WORK ORDER
Among the entries below, retype exactly the lines starting with the one with "回族封斋习俗 饿其肌肤 化瘀清心" and going on through the one with "DODGE GRAND CARA 2017 - 2C4RDGBG4HR649509", but not the pictures.

(RECORDS SUPPLIED begins)

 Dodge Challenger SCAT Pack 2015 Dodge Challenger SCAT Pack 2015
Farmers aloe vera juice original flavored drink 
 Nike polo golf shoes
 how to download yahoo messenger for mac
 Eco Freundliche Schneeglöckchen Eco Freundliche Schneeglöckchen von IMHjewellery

(RECORDS SUPPLIED ends)
(RECORDS SUPPLIED begins)

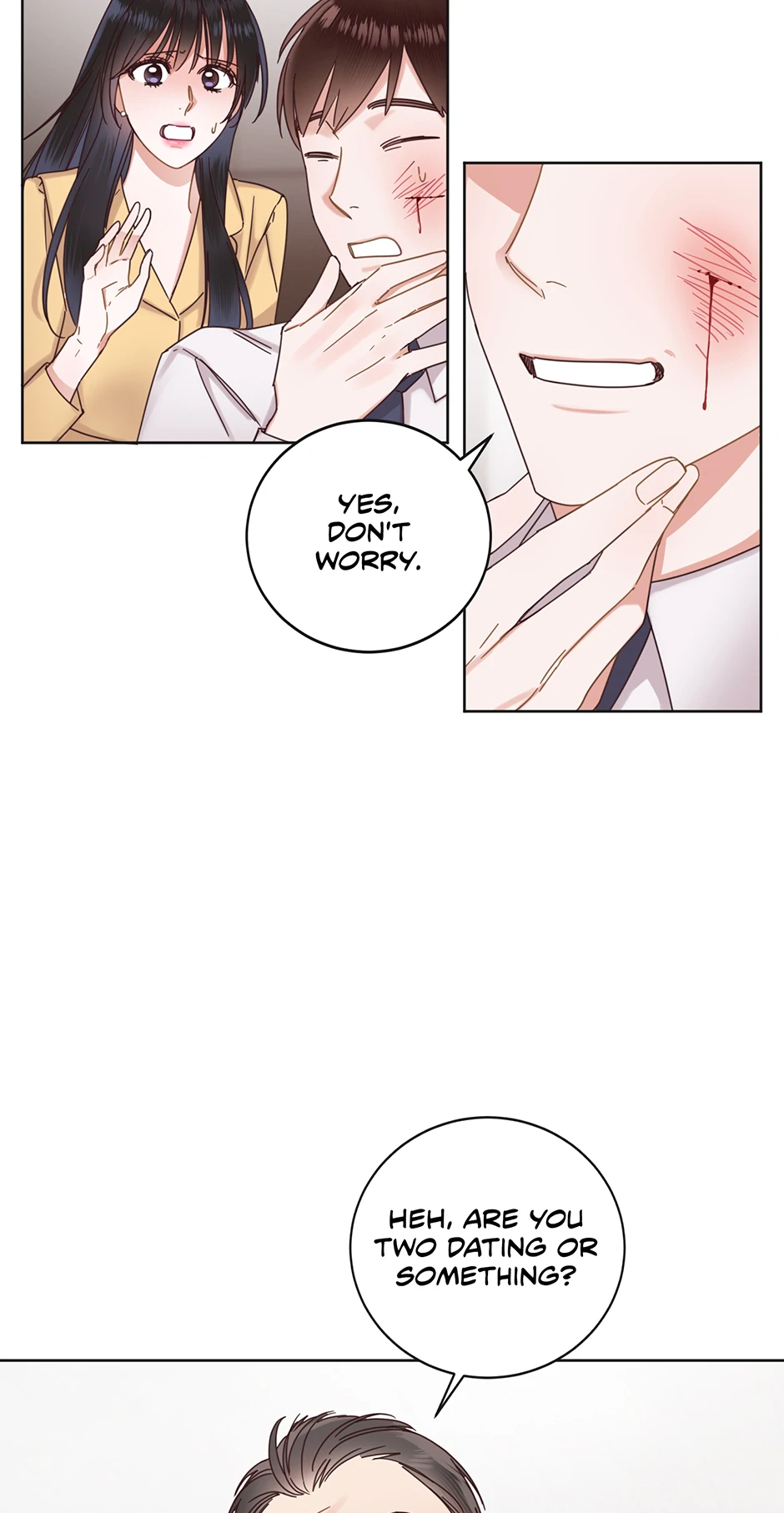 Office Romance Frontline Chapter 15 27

(RECORDS SUPPLIED ends)
(RECORDS SUPPLIED begins)

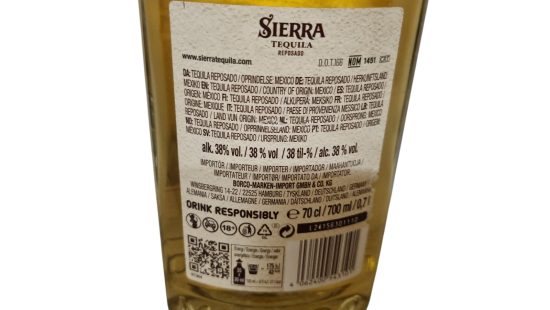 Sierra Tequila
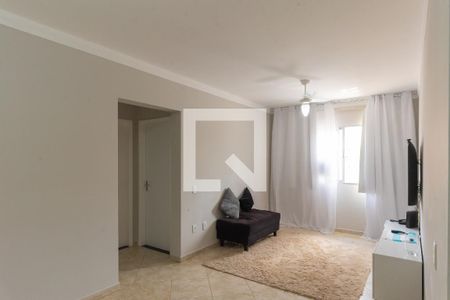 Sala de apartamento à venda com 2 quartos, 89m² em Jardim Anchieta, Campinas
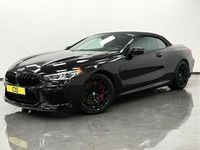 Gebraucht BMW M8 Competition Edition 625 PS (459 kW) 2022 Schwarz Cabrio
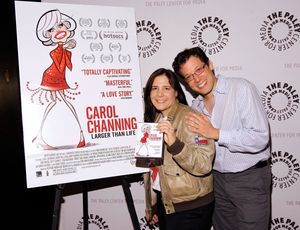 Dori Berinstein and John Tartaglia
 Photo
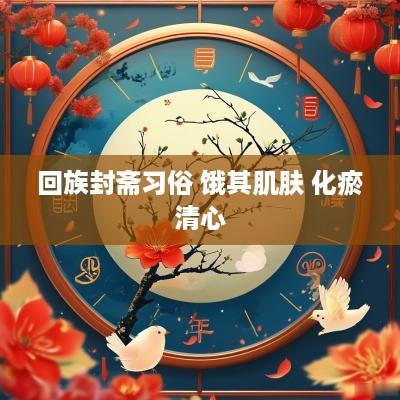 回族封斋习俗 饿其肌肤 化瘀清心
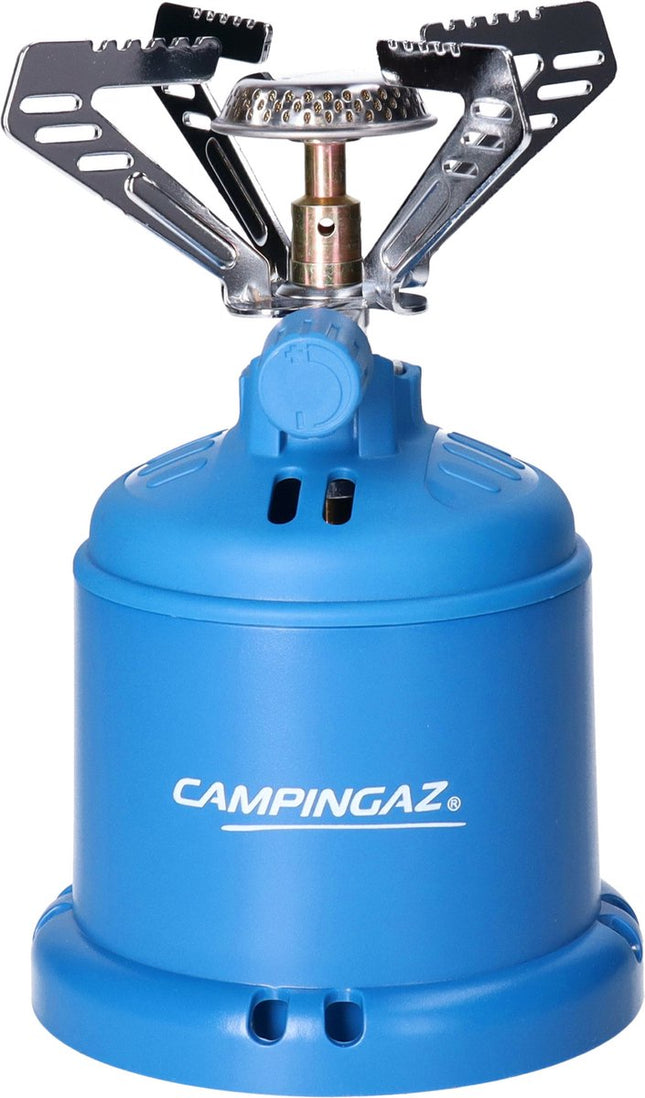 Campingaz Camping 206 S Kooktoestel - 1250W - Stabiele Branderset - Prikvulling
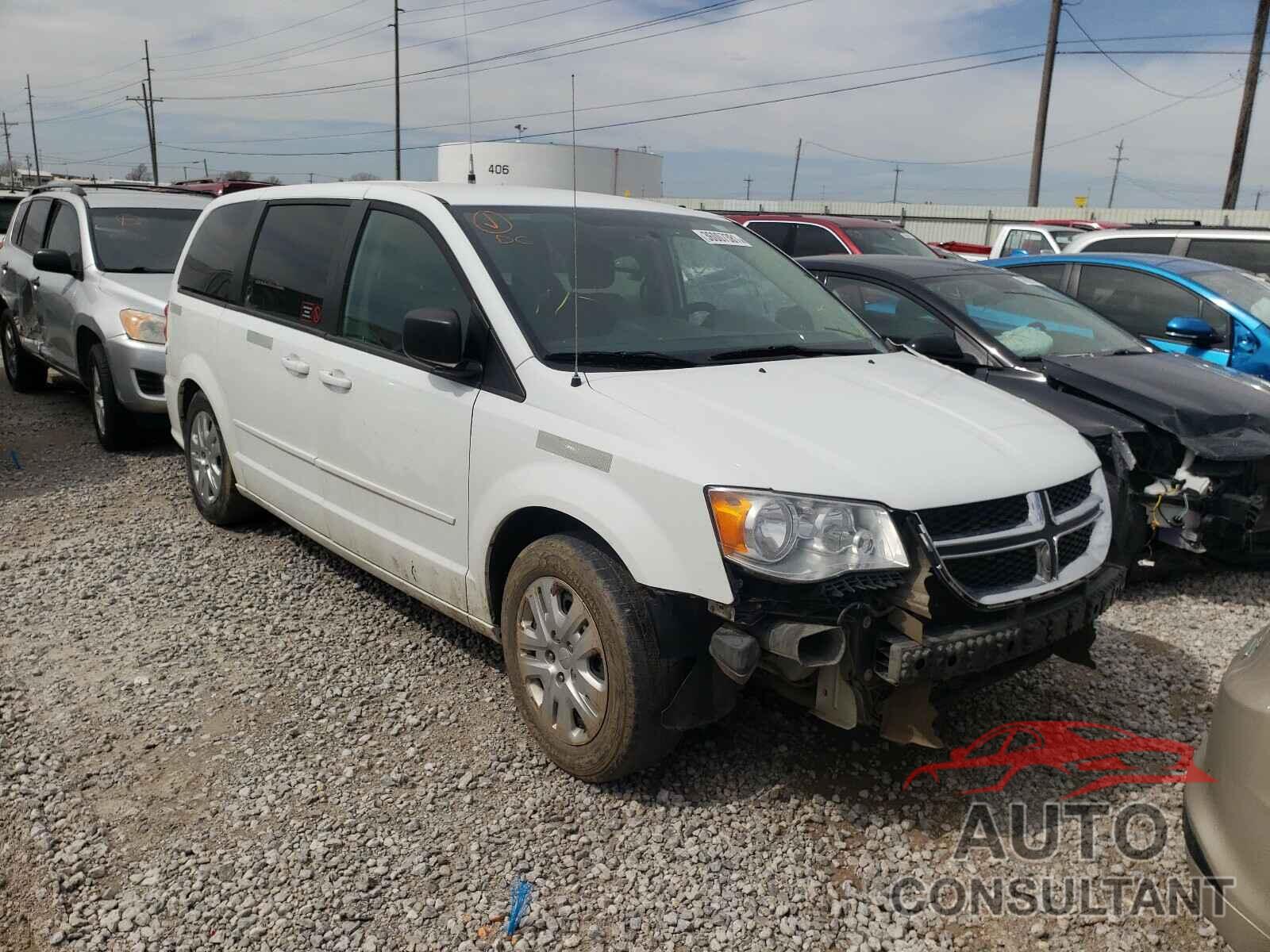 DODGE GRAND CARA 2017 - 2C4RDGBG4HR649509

(RECORDS SUPPLIED ends)

YOUR SOLUTION
 回族封斋习俗 饿其肌肤 化瘀清心
 Campingaz Camping 206 S Kooktoestel - 1250W - Stabiele Branderset - Prikvulling
 DODGE GRAND CARA 2017 - 2C4RDGBG4HR649509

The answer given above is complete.